There’s only one colour you should be asking your hairdresser for this season, according to the fashion crowd: a glossy Hollywood blonde.

Dubbed ‘blondeshell’ by Vogue magazine, the sunshine shade is as far from the past few season’s muted, mousy colours as possible.

According to the fashion bible: ‘The bottle-blonde movement is seizing showgoers. Against a head of white-hot hair, suddenly everything looks a bit cooler.’

But as every women knows, it’s also the trickiest shade to pull off. Pick the wrong tone, and it can look cheap, brassy or yellowed.

That’s why the Hollywood crowd turn to so-called ‘Queen of Blonde’, colourist Nicola Clarke — who tends to Gwyneth Paltrow, Cate Blanchett, Kate Winslet, Sienna Miller, Kate Moss and Madonna.

Kate Winslet recently gushed: ‘There’s so much to be said of her skill and artistic brilliance, but the friendship and the fun times we have shared count for much more.’

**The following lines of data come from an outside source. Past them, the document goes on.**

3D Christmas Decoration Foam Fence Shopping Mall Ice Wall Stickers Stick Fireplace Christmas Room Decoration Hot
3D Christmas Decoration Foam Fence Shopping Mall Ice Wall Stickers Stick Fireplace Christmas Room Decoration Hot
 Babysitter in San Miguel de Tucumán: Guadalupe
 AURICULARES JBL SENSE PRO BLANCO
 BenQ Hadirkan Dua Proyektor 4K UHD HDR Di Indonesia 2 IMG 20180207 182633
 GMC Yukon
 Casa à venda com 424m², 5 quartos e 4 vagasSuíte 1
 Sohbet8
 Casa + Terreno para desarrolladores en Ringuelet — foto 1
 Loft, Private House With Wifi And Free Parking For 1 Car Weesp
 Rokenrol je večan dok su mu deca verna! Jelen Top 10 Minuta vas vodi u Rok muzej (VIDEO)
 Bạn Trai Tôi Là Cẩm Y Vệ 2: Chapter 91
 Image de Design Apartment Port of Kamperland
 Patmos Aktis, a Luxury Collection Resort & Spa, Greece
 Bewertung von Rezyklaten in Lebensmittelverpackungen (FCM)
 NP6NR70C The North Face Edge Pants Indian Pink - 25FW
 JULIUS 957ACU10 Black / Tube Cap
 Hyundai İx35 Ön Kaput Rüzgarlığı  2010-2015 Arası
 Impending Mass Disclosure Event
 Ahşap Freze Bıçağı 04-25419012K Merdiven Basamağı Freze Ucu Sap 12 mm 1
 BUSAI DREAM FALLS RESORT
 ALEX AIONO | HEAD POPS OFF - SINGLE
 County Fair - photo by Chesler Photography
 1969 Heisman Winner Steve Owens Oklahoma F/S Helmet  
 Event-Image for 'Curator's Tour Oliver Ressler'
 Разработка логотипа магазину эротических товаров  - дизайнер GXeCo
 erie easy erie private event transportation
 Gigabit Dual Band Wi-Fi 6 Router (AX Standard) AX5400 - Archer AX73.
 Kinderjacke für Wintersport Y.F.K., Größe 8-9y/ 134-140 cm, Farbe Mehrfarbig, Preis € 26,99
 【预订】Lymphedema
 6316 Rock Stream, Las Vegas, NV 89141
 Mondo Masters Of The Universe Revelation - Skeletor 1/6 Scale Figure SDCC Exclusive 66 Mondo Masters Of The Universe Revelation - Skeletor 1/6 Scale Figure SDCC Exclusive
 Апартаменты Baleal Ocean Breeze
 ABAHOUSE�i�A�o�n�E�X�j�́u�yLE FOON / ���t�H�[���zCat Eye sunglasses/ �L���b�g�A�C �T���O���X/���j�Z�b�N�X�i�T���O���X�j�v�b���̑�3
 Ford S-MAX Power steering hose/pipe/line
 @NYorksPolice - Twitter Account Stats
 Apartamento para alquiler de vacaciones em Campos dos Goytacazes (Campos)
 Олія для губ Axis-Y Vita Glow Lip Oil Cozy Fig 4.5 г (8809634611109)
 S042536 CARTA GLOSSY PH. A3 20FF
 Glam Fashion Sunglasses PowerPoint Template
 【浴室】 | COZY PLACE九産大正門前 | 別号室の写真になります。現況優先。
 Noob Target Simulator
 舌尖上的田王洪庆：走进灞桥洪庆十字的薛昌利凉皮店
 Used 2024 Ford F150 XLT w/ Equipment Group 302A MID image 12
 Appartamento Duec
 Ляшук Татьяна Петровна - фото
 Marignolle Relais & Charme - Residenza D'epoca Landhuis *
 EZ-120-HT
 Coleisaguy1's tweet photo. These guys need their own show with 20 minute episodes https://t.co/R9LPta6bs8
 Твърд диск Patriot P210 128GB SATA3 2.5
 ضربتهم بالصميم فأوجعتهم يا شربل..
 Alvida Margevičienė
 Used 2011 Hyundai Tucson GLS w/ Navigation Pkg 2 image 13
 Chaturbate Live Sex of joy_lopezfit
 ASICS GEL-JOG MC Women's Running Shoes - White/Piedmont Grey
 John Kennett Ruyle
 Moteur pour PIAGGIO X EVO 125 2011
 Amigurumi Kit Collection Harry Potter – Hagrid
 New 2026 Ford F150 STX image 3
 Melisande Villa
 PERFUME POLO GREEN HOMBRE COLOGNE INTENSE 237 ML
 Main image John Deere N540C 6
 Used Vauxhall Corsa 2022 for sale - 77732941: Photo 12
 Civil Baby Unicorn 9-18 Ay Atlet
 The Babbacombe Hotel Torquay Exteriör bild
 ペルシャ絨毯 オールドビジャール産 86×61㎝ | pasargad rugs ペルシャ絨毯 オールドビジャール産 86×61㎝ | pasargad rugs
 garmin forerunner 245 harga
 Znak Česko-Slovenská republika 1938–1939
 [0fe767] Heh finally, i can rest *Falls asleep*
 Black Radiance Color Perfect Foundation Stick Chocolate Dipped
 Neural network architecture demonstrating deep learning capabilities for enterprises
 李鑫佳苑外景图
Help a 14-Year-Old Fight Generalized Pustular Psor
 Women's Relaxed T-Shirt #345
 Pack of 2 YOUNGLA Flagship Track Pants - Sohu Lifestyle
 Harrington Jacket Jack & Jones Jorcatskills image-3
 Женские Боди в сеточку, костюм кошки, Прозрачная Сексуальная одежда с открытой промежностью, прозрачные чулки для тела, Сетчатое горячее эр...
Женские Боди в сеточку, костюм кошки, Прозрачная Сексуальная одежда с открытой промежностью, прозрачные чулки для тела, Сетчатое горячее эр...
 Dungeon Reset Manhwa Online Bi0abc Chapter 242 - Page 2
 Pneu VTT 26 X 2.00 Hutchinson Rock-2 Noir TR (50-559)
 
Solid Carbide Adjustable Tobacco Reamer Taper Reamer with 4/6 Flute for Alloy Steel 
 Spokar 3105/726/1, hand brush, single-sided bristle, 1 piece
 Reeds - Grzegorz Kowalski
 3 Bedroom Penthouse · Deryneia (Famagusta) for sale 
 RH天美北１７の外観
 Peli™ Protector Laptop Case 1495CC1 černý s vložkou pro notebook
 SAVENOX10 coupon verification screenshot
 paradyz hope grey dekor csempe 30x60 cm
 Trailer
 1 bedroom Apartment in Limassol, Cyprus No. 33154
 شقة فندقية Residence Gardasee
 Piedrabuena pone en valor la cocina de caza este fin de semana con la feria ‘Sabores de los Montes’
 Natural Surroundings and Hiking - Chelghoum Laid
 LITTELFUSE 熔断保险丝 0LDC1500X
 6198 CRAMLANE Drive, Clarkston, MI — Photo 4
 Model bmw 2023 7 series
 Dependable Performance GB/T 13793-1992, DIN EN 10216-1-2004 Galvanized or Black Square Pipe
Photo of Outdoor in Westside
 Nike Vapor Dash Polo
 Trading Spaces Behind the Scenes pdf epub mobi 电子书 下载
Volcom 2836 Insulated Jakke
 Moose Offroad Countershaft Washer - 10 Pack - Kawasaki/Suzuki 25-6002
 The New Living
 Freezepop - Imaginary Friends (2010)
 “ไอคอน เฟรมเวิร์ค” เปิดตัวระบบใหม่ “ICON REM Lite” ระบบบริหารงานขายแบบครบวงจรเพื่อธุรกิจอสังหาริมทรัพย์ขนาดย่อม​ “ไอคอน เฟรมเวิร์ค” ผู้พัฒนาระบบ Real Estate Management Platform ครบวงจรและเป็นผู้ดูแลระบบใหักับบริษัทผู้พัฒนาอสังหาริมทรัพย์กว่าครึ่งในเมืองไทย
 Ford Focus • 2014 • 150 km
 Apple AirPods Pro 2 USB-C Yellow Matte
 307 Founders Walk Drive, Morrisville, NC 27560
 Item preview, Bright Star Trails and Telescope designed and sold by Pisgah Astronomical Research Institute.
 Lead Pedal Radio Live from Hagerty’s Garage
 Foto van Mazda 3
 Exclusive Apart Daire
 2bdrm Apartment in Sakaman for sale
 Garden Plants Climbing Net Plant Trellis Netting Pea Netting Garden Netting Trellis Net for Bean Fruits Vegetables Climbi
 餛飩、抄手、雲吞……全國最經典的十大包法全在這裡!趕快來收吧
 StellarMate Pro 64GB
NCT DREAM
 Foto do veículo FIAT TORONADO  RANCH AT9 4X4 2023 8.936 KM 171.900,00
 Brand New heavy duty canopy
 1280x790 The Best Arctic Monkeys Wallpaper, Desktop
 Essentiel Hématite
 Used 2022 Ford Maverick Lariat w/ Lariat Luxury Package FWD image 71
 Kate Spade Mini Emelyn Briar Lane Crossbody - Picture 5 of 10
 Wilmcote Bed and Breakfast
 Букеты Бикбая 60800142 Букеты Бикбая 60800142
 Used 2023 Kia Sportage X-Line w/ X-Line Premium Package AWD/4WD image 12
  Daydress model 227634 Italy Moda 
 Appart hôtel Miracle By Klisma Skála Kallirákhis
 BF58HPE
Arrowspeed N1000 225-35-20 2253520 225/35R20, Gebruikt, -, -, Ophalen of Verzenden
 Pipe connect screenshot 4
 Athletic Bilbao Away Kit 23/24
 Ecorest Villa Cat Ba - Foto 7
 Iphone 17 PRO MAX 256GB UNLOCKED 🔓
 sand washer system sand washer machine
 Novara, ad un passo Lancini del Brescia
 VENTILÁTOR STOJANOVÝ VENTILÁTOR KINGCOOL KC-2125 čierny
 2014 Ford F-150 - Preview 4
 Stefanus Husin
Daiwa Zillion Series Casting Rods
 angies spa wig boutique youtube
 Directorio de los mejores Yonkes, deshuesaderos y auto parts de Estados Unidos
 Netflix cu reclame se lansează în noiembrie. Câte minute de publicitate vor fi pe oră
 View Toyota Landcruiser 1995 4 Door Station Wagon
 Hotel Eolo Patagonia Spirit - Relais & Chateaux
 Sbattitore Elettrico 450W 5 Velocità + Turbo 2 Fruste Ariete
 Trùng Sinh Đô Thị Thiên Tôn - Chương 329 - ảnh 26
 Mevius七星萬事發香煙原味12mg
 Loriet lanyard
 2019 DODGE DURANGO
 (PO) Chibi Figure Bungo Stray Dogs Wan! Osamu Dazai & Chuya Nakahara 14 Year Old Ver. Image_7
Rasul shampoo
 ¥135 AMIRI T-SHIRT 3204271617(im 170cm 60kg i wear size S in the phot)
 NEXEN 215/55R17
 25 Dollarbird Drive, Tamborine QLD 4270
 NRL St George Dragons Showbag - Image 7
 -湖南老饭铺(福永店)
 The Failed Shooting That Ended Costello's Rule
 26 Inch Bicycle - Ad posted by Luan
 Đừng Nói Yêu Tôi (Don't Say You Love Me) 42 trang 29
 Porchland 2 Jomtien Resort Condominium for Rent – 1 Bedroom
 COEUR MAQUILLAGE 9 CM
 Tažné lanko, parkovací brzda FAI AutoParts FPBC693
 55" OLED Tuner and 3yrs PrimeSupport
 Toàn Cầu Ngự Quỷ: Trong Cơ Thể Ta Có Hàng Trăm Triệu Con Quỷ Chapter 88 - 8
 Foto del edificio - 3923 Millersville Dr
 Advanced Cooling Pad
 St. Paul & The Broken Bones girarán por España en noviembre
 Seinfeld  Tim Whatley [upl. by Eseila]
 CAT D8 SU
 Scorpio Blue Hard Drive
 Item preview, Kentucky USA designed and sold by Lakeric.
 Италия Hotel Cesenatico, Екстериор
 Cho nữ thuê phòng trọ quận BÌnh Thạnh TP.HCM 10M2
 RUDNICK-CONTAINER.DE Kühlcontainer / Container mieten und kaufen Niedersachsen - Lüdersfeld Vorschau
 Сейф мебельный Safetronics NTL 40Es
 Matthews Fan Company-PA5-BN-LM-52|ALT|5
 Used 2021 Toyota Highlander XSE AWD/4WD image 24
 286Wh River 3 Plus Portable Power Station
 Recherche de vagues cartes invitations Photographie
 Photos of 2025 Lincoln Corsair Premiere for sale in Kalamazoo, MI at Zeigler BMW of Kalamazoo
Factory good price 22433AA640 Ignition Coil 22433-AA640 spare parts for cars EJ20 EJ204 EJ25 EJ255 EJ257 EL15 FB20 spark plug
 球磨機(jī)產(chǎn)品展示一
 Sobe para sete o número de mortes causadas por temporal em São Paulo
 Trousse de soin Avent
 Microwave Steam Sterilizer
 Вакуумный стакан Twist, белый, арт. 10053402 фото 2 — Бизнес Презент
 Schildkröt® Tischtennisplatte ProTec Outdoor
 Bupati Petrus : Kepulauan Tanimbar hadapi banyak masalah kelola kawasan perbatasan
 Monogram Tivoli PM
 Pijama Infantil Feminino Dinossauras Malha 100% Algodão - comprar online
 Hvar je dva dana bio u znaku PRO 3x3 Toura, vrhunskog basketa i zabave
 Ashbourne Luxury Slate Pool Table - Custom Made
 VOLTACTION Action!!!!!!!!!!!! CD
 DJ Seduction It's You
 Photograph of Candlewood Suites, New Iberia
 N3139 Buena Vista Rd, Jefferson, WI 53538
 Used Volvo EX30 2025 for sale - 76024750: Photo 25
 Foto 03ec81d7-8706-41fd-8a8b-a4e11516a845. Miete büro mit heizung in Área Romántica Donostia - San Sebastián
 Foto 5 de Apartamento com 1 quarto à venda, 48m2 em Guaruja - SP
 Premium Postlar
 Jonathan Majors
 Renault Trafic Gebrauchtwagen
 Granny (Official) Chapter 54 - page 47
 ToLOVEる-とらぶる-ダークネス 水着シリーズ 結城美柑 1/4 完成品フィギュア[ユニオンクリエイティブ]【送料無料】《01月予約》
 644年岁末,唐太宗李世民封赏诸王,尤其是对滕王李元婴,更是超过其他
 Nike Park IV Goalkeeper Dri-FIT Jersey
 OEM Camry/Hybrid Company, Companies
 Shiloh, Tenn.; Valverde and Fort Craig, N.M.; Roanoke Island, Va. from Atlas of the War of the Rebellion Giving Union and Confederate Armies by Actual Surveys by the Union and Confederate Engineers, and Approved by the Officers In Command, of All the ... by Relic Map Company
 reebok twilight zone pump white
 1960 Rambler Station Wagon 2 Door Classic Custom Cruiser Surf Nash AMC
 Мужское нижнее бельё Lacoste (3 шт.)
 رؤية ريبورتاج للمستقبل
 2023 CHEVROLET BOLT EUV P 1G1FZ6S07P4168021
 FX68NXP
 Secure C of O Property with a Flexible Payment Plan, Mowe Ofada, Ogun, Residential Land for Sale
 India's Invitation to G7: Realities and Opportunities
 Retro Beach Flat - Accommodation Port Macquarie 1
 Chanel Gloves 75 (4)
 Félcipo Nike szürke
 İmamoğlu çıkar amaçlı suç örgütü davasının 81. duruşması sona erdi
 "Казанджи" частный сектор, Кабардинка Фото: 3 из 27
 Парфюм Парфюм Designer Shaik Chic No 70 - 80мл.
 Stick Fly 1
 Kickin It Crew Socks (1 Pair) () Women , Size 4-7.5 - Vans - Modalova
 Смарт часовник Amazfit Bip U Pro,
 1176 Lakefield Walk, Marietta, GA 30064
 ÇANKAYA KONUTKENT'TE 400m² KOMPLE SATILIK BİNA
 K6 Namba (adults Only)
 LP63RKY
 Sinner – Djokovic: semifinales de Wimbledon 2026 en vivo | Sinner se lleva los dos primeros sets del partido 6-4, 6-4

So what are Nicola Clarke’s secrets? How do you turn women of all ages and hair colours — from greying to redheads — into blonde bombshells?

Here, Nicola and her top team of hair stylists at new salon Nicola Clarke at John Frieda turn five very different women into beautiful blondes — and reveal how anyone can carry off this most desirable hair colour. 

 I’ve been told it takes ten years off me

Since getting her hair coloured she's been told she looks ten years younger

Sara Nash, 41, (pictured before and after) said people tell her she looks ten years younger since Nicola worked her magic

Sara Nash, 41, works at a primary school in Reading. She lives with her husband Myles, 41, head of boarding at an independent school, and their two children. She says:

My HAIR is naturally mousy and slightly frizzy, and I’ve always spent lots on it.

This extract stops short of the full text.